Print the lines in the listing below starting at the line with "Yamaha XJR 1300 e XJR 1300 Racer 2015" and ending at the line with "Chanel Classic Handbag (Grained Calfskin)", both included. Reproduce them exactly and omit every picture.

- **Stored data**
• • • • • • •
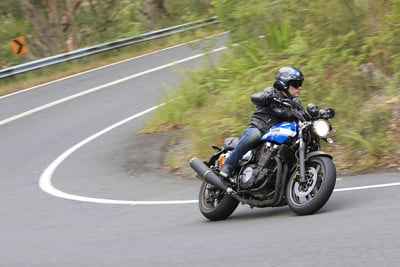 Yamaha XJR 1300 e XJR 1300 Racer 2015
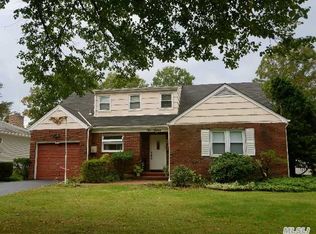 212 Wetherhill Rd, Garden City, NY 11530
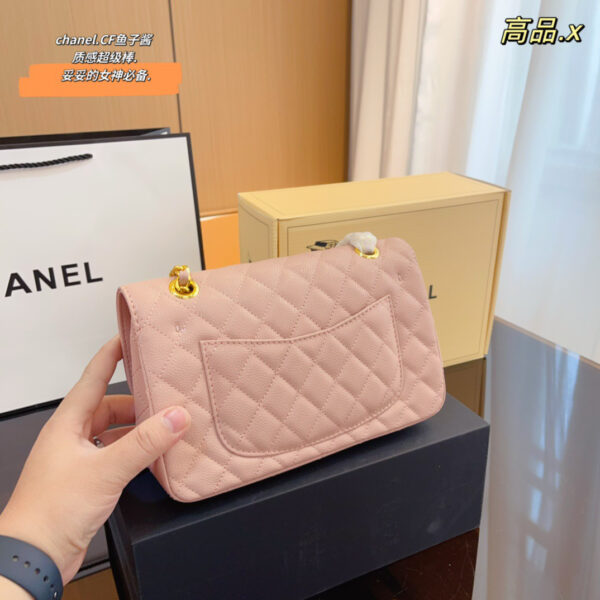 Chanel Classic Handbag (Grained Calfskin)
• • • • • • •
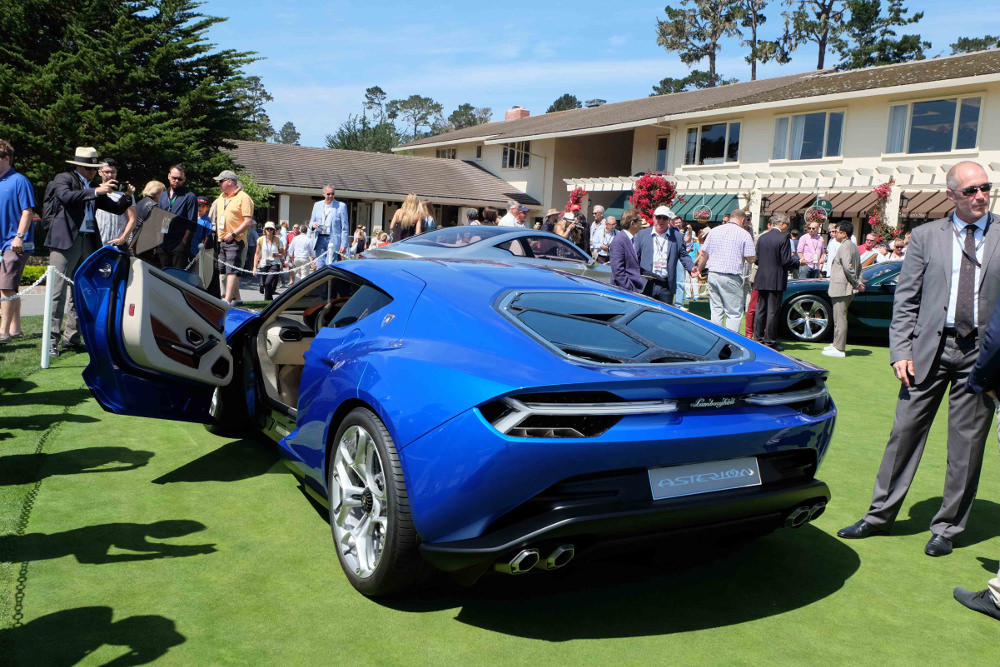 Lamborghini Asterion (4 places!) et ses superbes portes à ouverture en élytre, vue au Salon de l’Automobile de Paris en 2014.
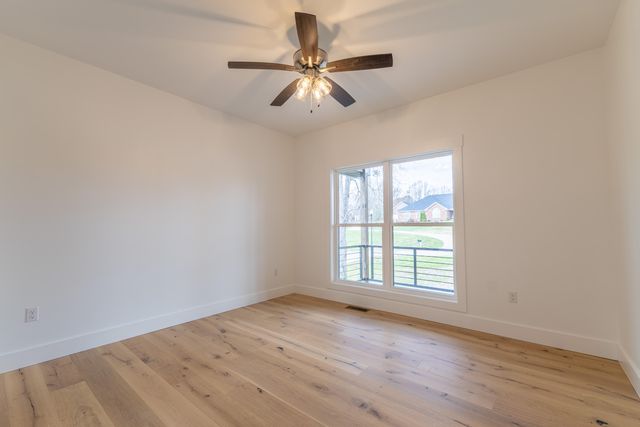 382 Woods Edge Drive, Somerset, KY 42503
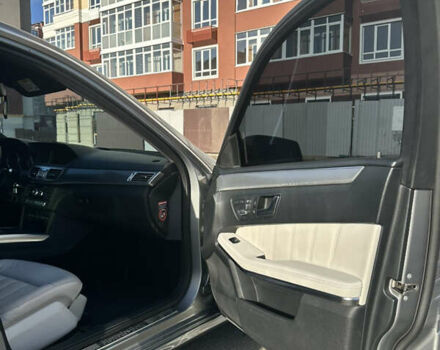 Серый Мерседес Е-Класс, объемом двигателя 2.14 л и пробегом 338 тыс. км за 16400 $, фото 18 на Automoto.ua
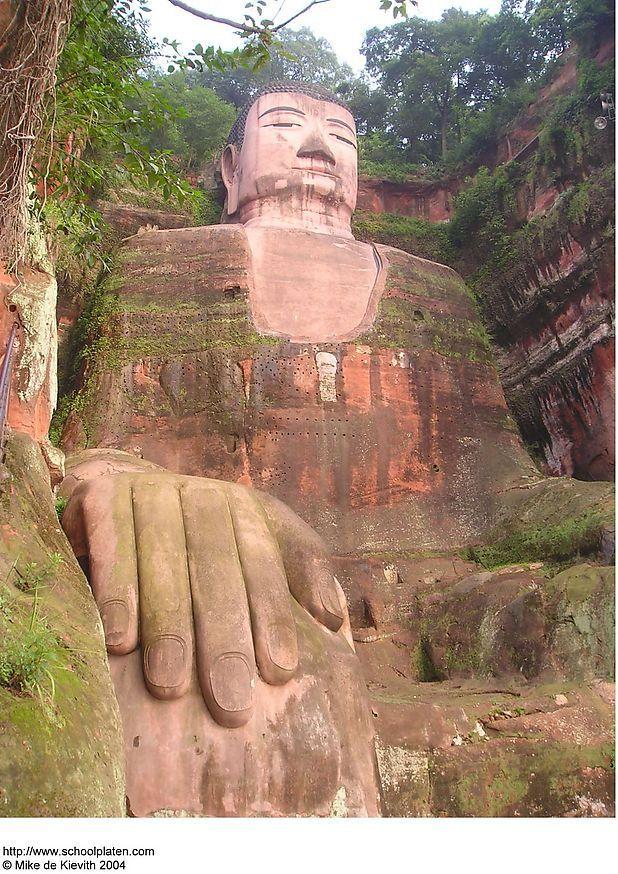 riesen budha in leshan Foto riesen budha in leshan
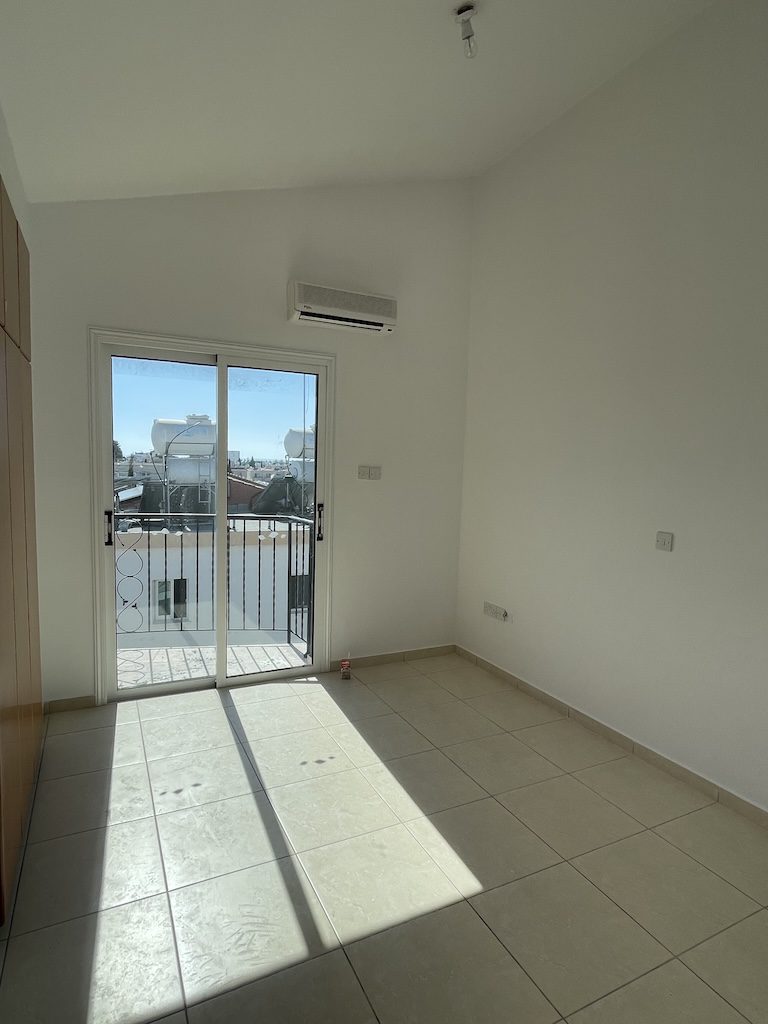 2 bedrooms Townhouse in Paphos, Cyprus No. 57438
• • • • • • •
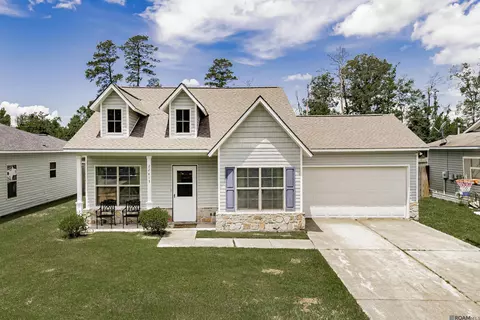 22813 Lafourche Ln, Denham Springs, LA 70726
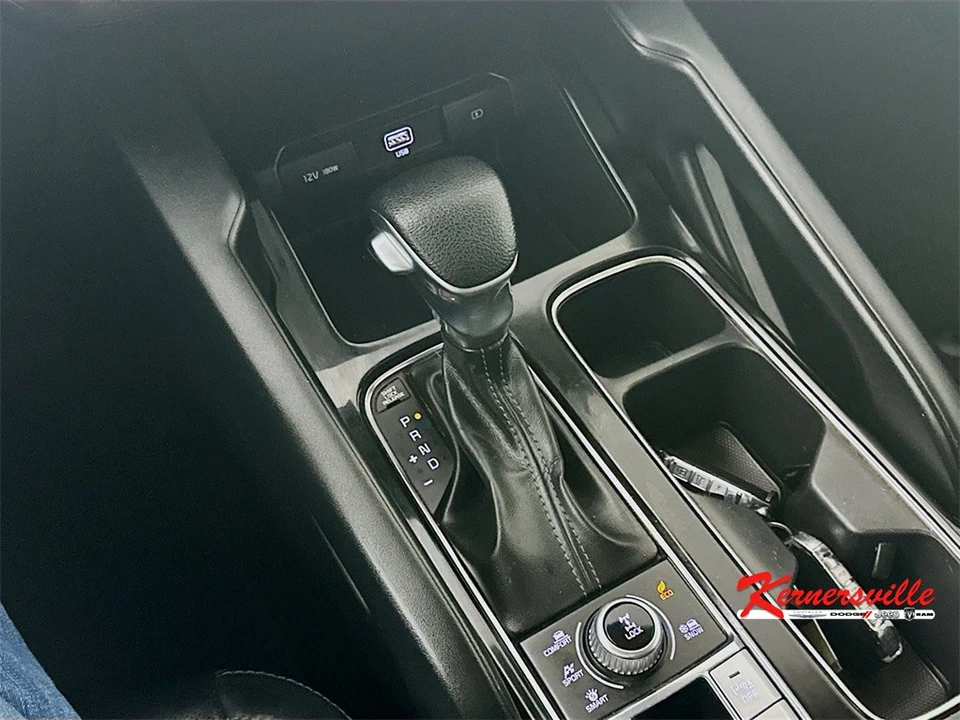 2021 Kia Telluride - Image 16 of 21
• • • • • • •
- **Written answer**
 Yamaha XJR 1300 e XJR 1300 Racer 2015
 212 Wetherhill Rd, Garden City, NY 11530
 Chanel Classic Handbag (Grained Calfskin)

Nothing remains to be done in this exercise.